**EXERCISE:** Within the records below, reproduce without change the lines from the line that has "Heart-shaped glass ornament" through the line that has "A group of civil", and only those.

**EXERCISE MATERIALS:**
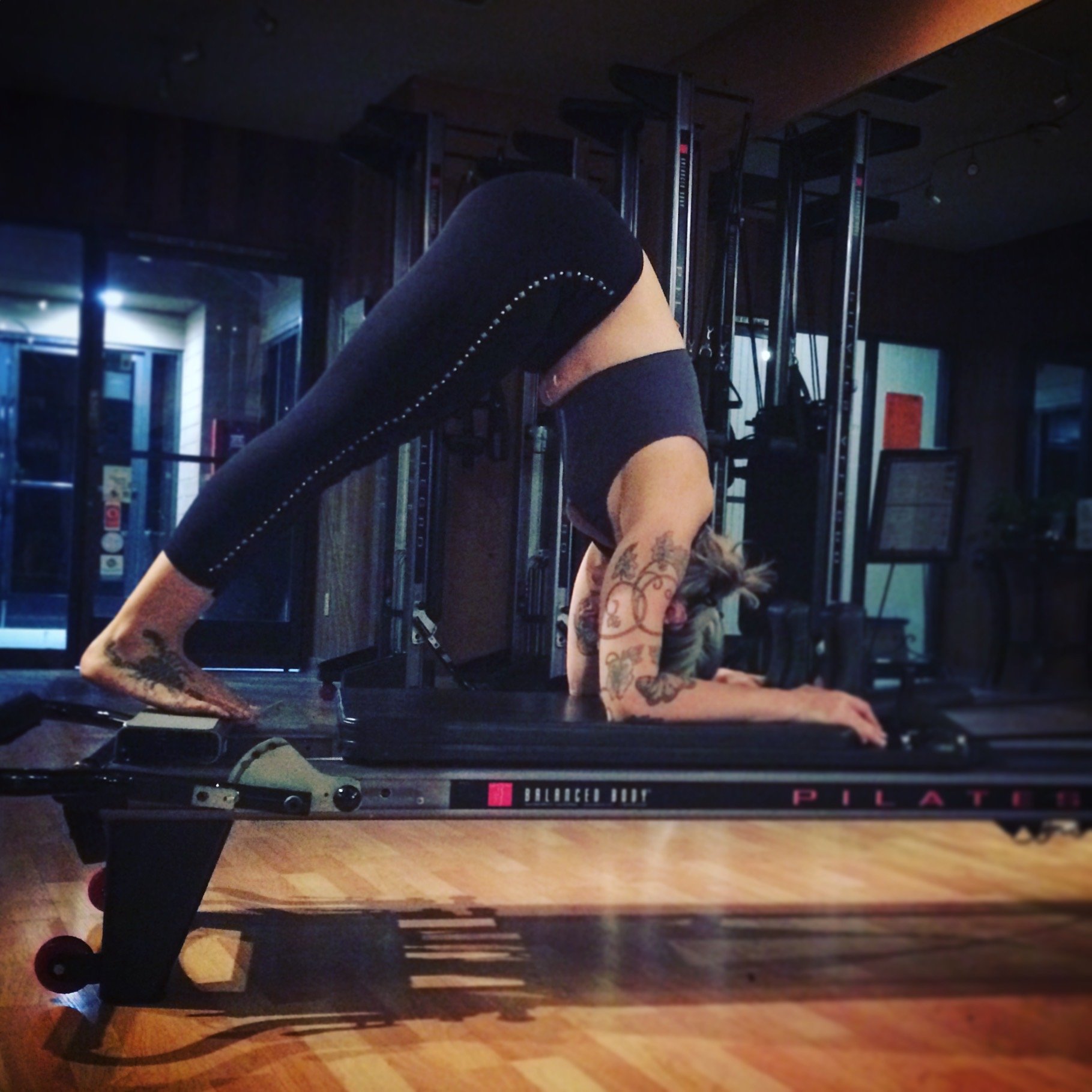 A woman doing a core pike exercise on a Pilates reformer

* * *

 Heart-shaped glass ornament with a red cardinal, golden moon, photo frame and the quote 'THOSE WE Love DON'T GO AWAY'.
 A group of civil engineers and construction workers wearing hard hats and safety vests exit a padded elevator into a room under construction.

**YOUR SOLUTION:**
 Heart-shaped glass ornament with a red cardinal, golden moon, photo frame and the quote 'THOSE WE Love DON'T GO AWAY'.
 A group of civil engineers and construction workers wearing hard hats and safety vests exit a padded elevator into a room under construction.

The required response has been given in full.